Ist diese Form von Stromsucht vorangeschritten, werden die Zeichen dafür immer deutlicher. Es beginnt mit der mehr und mehr sinkenden Bereitschft zur Aufrechterhaltung sozialer Kontakte. Die Freunde geraten ins Hintertreffen und werden kaum noch beachtet, es sei denn sie nehmen am selben Geschehen Teil wie man selbst. Da man sich nun für die bevorzugte Tätigkeit nicht mehr aus dem Haus bewegen muss, beginnt sich eine leichte Passivität in Richtung anderer Aktivitäten zu formieren die nichts mit den genannten Medien zu tun hat. Alles andere verliert an Reiz und auch das Denken fällt zurück, da man fürs „Flimmern“ nicht sonderlich viel Aufmerksamkeit oder Hirnschmalz braucht. „Ich schalte beim Soap kucken ab.“ Ist die Passivität soweit vorangeschritten das man sich vorgaukelt keine Zeit für andere Dinge zu haben, ist der nächste Schritt die körperliche Verwahrlosung. Fehlende Körperhygiene, sowie schlechte Ernährung durch Fast Food können die Folgen sein. Letzteres ist nicht schlimm, jedoch im Übermass ein echtes Problem. Die Soziale Abgrenzung kann auch noch ganz besondere Stilblüten treiben. Gerade im Bereich der Online-Rollenspiele und im Internet allgemein, setzt sich zunehmend eine Sprache durch, die vorallem auf Abkürzungen und Tippfehlern basiert. Simpelste Beispiele hierfür sind „lol“ (laugh ot loud), „wtf“(what the fuck). Es entstehen sogar neue Wortschöpfungen, welche der Autor allerdings nicht gut genug kennt um nicht beim zitieren einen Fehler zu machen. Werden diese Worte jedoch im Alltag angewendet, sieht sich der Laie mit Grauen einer für ihn sinnlosen Konversation gegenüber, welche er nicht versteht und aus der er keinen Sinn ziehen kann. Dies kann zur Abgrenzung von den Nutzern führen und somit zur Ausweitung des sozialen Kontaktverlustes. Dies geschieht sicher auch andersherum, wenn der Laie abgegrenzt wird weil ihm das Sprachvermögen fehlt.

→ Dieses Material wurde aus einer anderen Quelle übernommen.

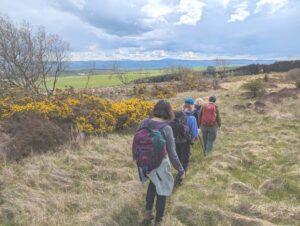 Group of walkers hiking along a grassy moorland trail surrounded by flowering gorse bushes and lush farmland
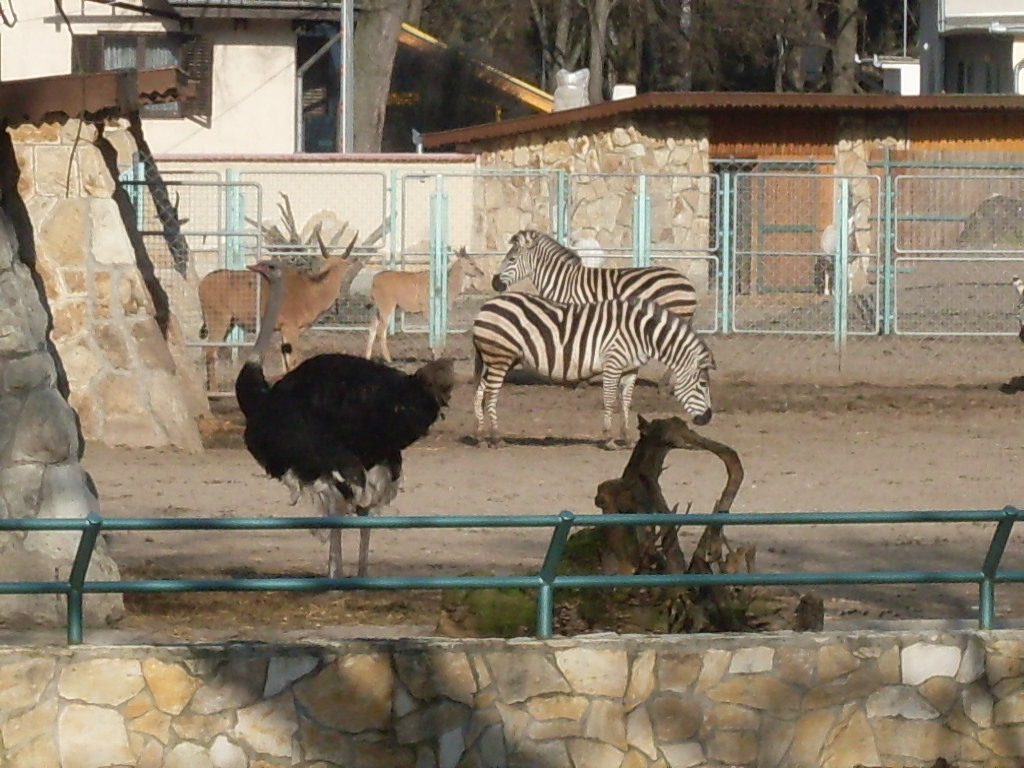 Africa mixed exhibit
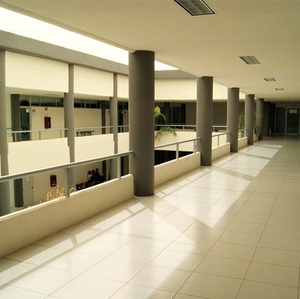 Ambos investigadores coinciden que es una labor muy gratificante y se sienten felices de recibir la noticia.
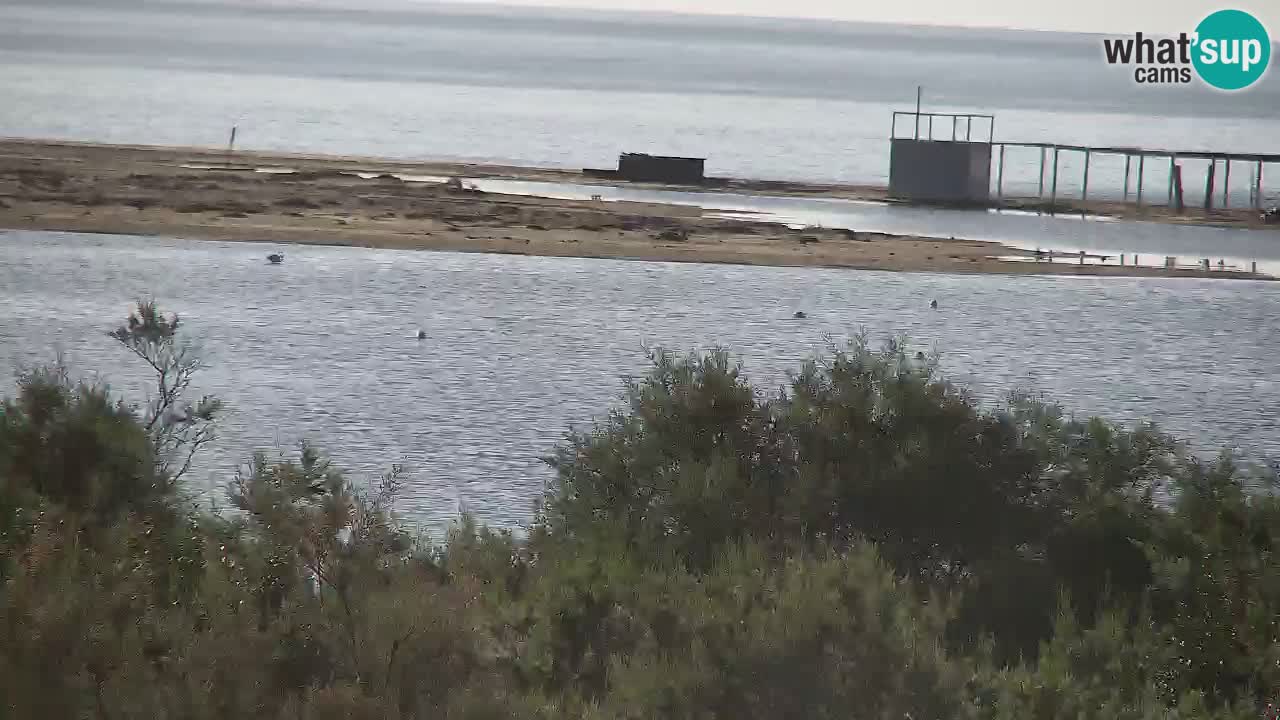 Webcam Chia – Liveblick auf den Strand Su Giudeu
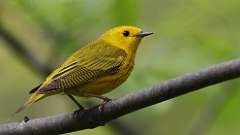 114: 2023-05-23-yellow warbler 0C3_1387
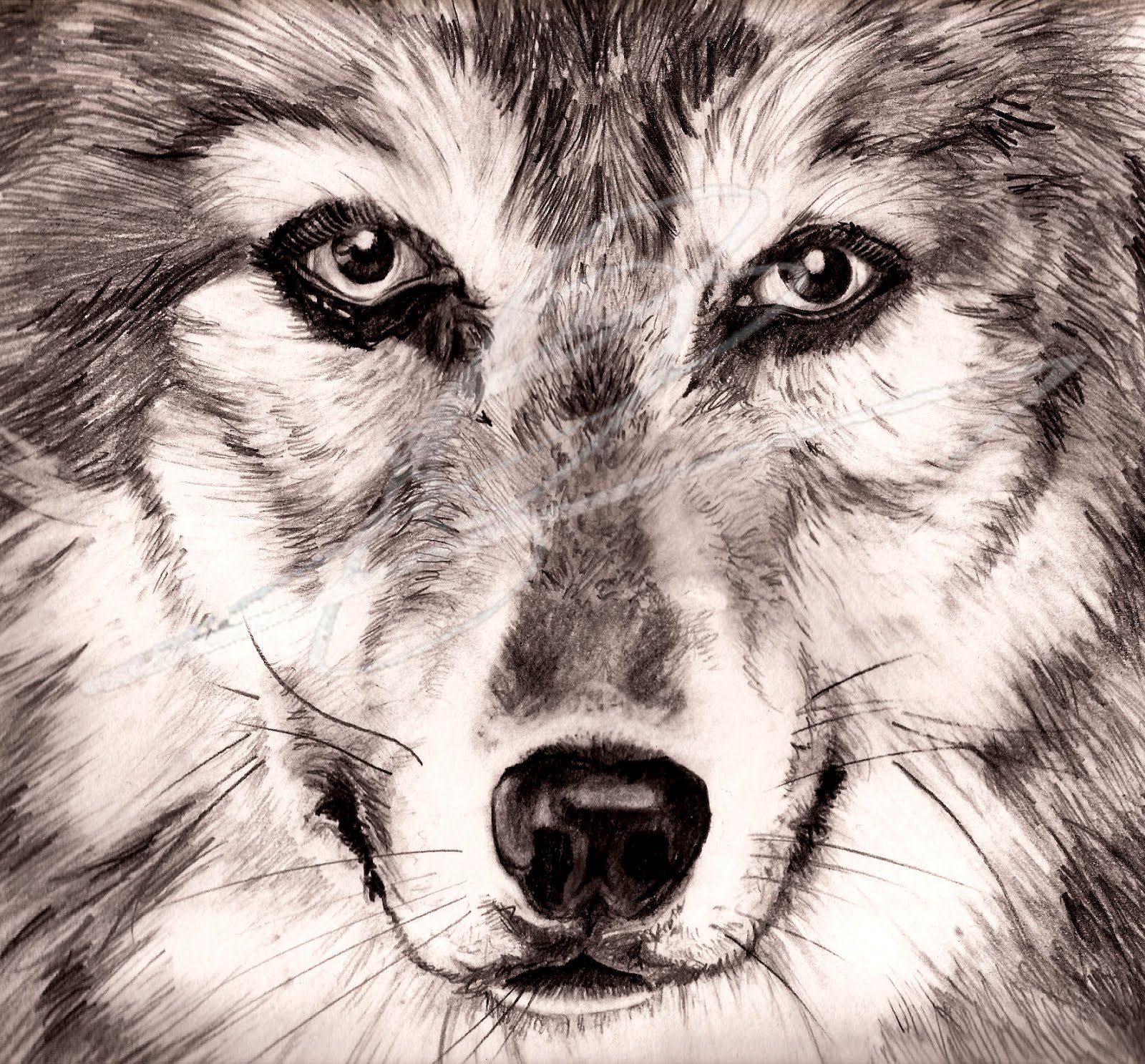 Слово wolf. E Wolf.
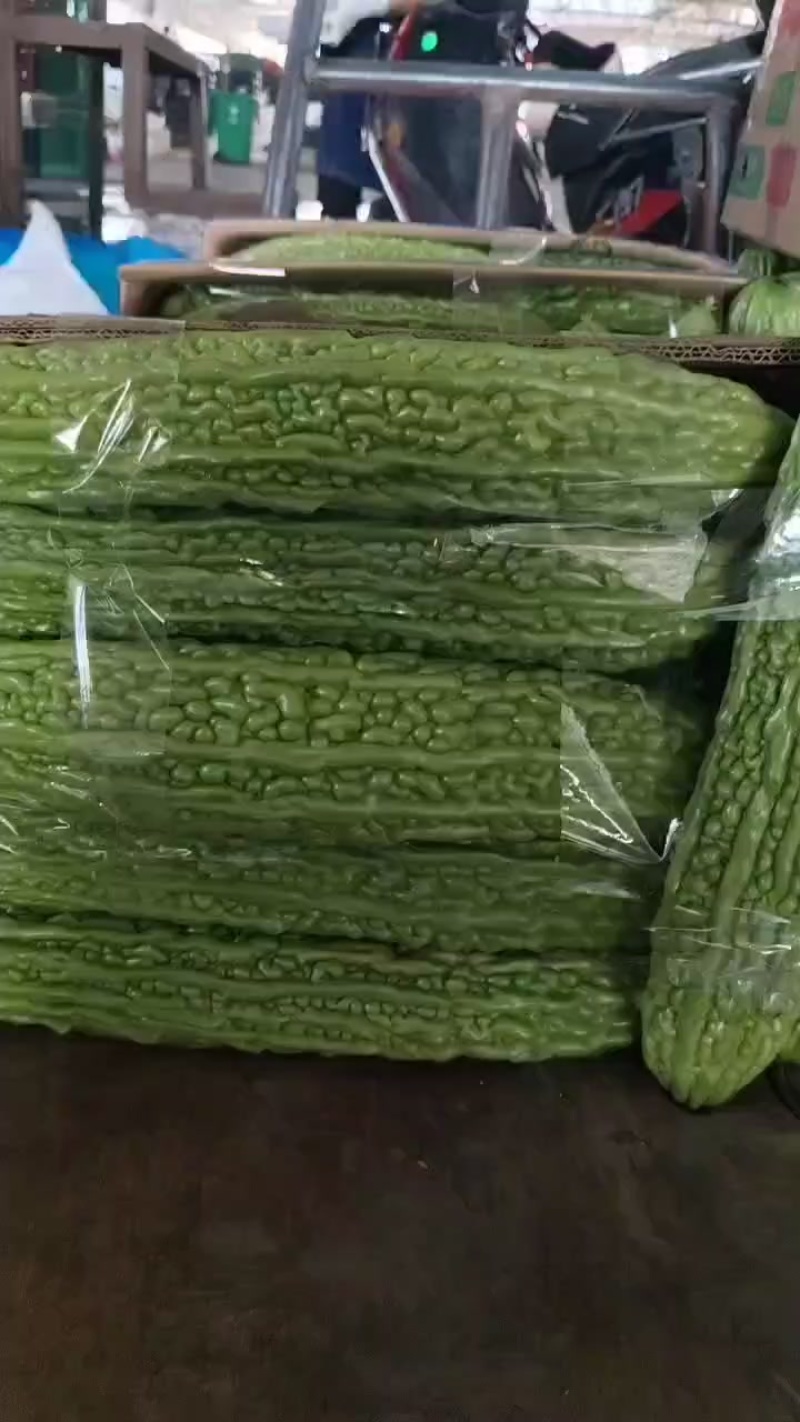 高山蔬菜青苦瓜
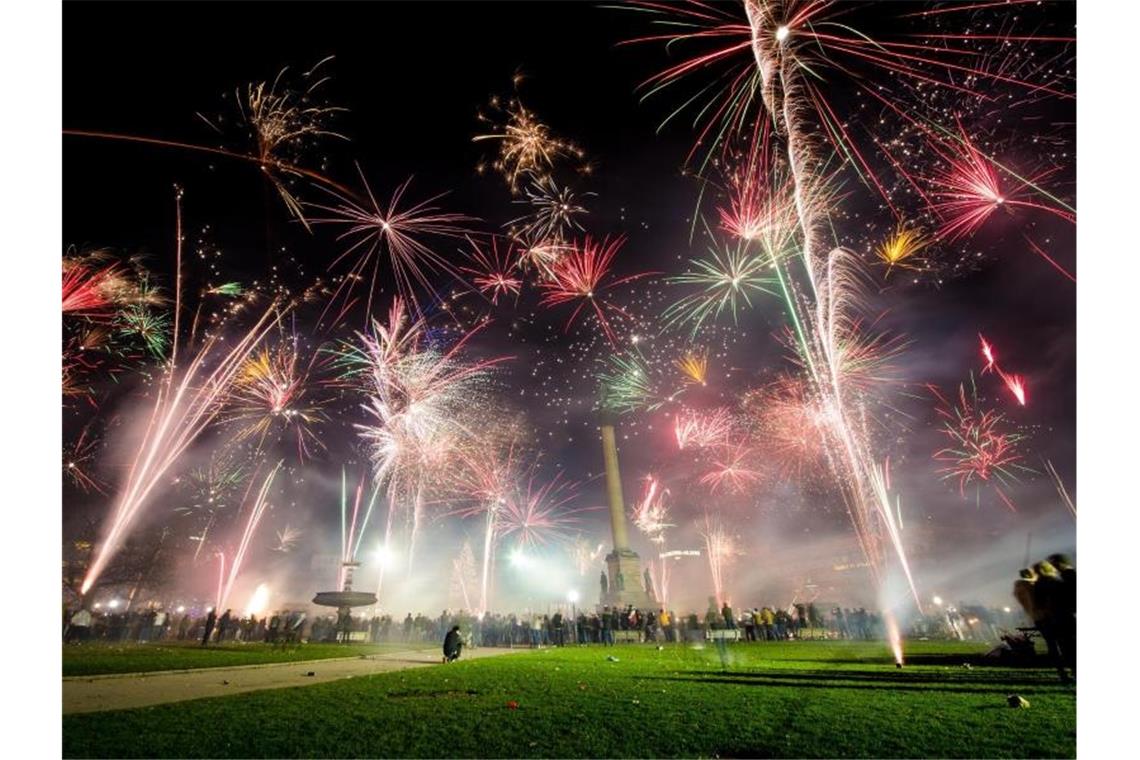 Tierschützer warnen vor Silvesterknallerei Zahlreiche Menschen feiern auf dem Schlossplatz mit reichlich Feuerwerk in das neue Jahr. Foto: Christoph Schmidt/dpa
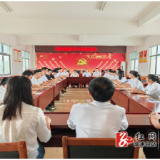 桥江镇:青年共话使命担当 凝聚全镇发展力量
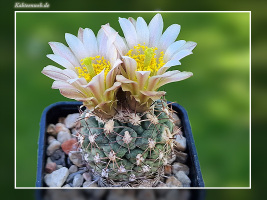 Sclerocactus mesae-verdae fh 61.6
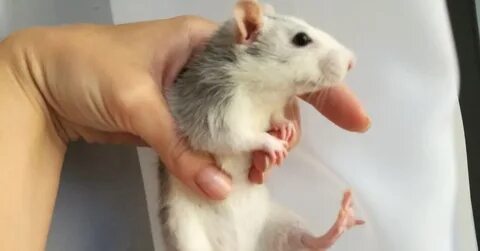 Крысюк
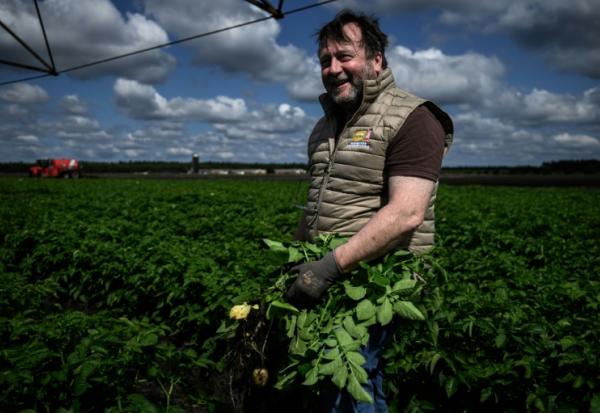 L'agriculteur Samuel Allix dans son champ de pommes de terre le 22 mai 2025 à Saint-Jean-d'Illac, en Gironde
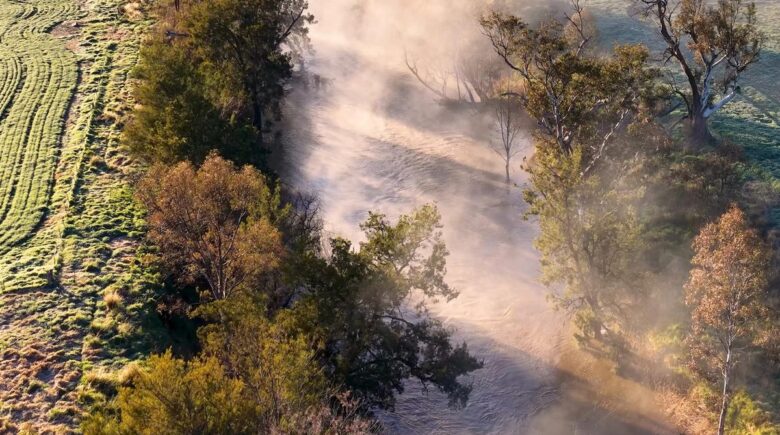 Pro Tips for Reducing Homeowners Insurance Premiums in California After a Wildfire Season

Wie wird diese Form von Sucht nun fortschreiten? Die kurzfristigen Folgen sind bereits beschrieben und die langfristigen könnten wie Nivens Version aussehen. Was im Moment bleibt ist Unsicherheit mit dem Phänomen um zu gehen und vorallem eine Lösung zu haben. Ich möchte an dieser Stelle darauf hinweisen, das ich nicht grundsätzlich gegen die von mir genannten Medien und Tätigkeiten bin. Wenn ich so seher dagegen wäre, würde ich keinen Blog im Internet schreiben. Es mag auch sein das ich das ganze nur im Bezug auf meine Zeit sehe, so wie Engländer im späten 19 Jhd., die der Meinung waren zu viel lesen sei schlecht für Frauen. Einfach eine panische Vermutung. Fest steht jedoch das ich finde das zu viel Zeit mit dem ( FÜR MICH!!) sinnlosen stieren in Eckige Kästen vergeudet wird. Es scheint mir oftmals so als würden Menschen meines Umfeldes die Kiste einem Gespräch mit mir vorziehen und auch sonst kaum Interesse an anderen Dingen zeigen. Es hällt sich jedoch vielerlei in Grenzen, jedoch weiss ich von Negativbeispielen aus dieser Richtung und deswegen bin ich beunruhigt. Das schlimmste ist jedoch, das ich weiss das dieser Artikel nichts, aber auch gar nichts ändert. Es war mir dennoch ein Bedürfnis.